Over at Amy Wellborn's Open Book, I made this comment last week:
Something occurs we may see in the next few days . . .
If Bush wants to pick Alberto Gonzales -- knowing conservatives and prolifers have a problem with him -- the smart thing to do would be to get conservative pundits and columnists to start writing about how misunderstood Gonzales is, that he's actually sheep in wolf's clothing, that he'd actually turn out to be kind of "secret weapon" because he's actually great, but misunderstood, and so picking him would be really good news, because the liberals would think he was pro-Roe when -- just entre nous -- he's a secret prolifer, etc.
It may not happen; but if you see pundits and columnists telling this story, watch out!
I'm pretty sure the White House and the GOP have tried this; but so far, the Right is staying solid as far as Gonzales and the Supreme Court.
Today, I read this by Fred Barnes at The Weekly Standard. I worked with Fred when I was in Washington and was impressed with him.
I have to say, too many of the "conservative" pundits and opinion-writers I met or worked with, while well intentioned, ended up being unreliable for various reasons. Either they were not sufficiently informed, or their judgment was too shallow, or they are suckers for "trick plays" that are offered as substitutes for the long, often arduous work of actually winning the policy in view.
Or, they were too susceptible to the GOP's self-serving claims: the GOP, naturally, wants to co-opt various movements and causes the conservative movement pursues, and wants the supporters of those causes to see the GOP as the certain and utterly trustworthy advocate of those causes. GOPers shriek like scalded cats whenever anyone dares to question their commitment to causes like pro-life, Right to Work, lower taxes, smaller government, gun rights, property rights, and so forth. Or they weep copious tears to think they are so misunderstood, so unloved.
This is not to bash the GOP, though it is tempting; pro-lifers should never, ever forget that the Supreme Court that has given us Roe v. Wade, and any number of pro-abortion rulings since, has been a Republican-dominated court! So it's simply absurd to accept the "Trust us" response from the GOP. The Republican Party's job is to build its own organization and power. The job of citizens who got involved in politics, and GOP politics in particular, because they care about issues, is to hold the politicians', and the party's, feet to the fire. Always, always, always.

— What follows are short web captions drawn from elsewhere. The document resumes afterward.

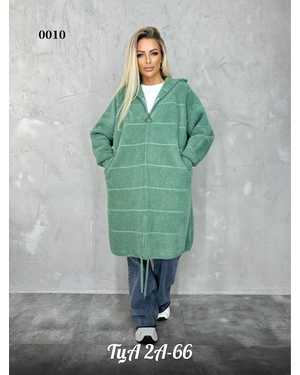 КАРДИГАН ТКАНЬ АЛЬПАКА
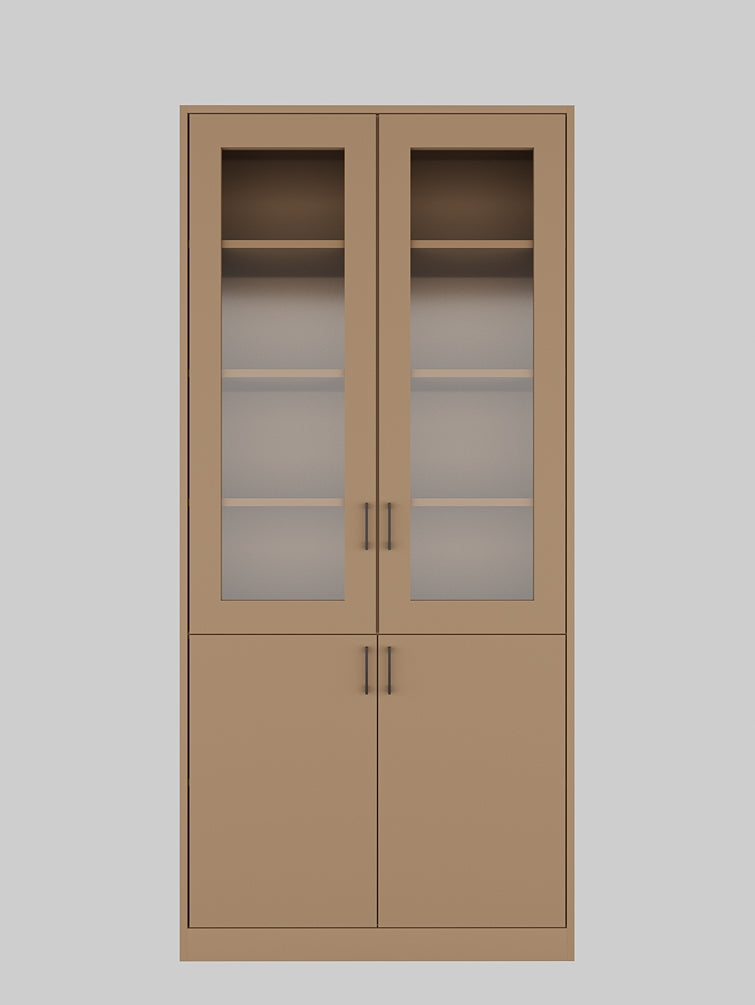 Woodchy Atlas Bookcase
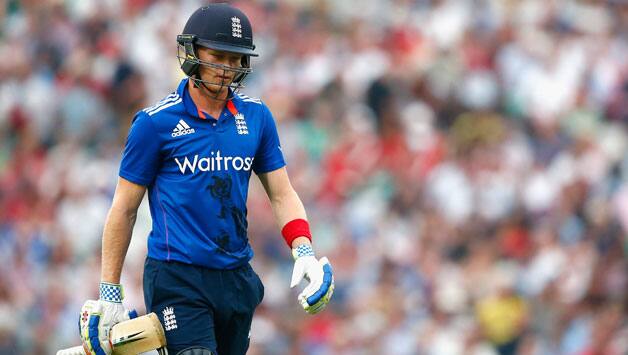 Sam Billings 25 ball 50 was second fastest for England in T20I © Getty Images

President Bush may not like it that pro-lifers question Attorney General Gonzales' suitability for the Supreme Court, and he may prefer it if we nodded docilely like those dog dolls people used to put in their rear windows, but sorry, no deal. Mr. Gonzales has a record as a judge in Texas, and he cast at least one pro-abortion vote; and it was then-Governor Bush who put him on the court there. It's fair game.
It may be the job of the GOP, including our GOP President, to tell pro-lifers to pipe down "for the sake of the party"; but it's the job of pro-lifers to respond, "with respect, Mr. President, you work for us; we don't work for you."